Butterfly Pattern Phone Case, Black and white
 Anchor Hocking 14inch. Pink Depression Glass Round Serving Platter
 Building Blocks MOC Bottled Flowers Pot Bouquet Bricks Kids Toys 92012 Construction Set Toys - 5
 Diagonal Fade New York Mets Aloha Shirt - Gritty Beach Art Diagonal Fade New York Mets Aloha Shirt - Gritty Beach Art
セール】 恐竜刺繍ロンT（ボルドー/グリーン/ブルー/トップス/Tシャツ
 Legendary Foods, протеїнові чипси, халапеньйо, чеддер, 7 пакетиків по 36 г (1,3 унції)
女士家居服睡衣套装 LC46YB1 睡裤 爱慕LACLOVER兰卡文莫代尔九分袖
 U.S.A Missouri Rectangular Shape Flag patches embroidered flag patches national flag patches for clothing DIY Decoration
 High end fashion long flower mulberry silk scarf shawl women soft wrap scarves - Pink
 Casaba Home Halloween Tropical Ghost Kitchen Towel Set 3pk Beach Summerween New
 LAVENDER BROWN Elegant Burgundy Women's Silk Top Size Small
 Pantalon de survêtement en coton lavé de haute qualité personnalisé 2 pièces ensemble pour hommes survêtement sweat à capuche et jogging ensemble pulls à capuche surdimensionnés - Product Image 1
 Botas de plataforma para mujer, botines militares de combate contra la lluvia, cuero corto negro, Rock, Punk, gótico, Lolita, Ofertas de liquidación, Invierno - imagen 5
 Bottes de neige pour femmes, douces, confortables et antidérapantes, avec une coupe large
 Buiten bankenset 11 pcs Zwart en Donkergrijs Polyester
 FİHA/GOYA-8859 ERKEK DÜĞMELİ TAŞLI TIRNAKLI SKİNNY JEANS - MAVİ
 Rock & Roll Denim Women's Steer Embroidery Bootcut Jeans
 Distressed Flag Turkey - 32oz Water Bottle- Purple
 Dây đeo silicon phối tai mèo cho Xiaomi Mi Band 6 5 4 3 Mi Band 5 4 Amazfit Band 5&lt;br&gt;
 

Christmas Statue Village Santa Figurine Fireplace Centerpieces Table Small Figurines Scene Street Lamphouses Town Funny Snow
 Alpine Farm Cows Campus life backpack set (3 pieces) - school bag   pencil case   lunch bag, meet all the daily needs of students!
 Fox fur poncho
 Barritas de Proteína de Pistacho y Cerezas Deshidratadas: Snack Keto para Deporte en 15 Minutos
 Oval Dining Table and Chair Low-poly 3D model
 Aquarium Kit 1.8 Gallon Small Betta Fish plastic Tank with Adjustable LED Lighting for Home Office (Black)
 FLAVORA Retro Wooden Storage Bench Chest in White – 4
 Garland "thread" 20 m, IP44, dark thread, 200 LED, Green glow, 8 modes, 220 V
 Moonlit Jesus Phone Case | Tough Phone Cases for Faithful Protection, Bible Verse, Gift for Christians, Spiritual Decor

== BRIEF ==
The answer must consist of each line from the entries that contains the string "Rock".

== TASK SOLUTION ==
 Botas de plataforma para mujer, botines militares de combate contra la lluvia, cuero corto negro, Rock, Punk, gótico, Lolita, Ofertas de liquidación, Invierno - imagen 5
 Rock & Roll Denim Women's Steer Embroidery Bootcut Jeans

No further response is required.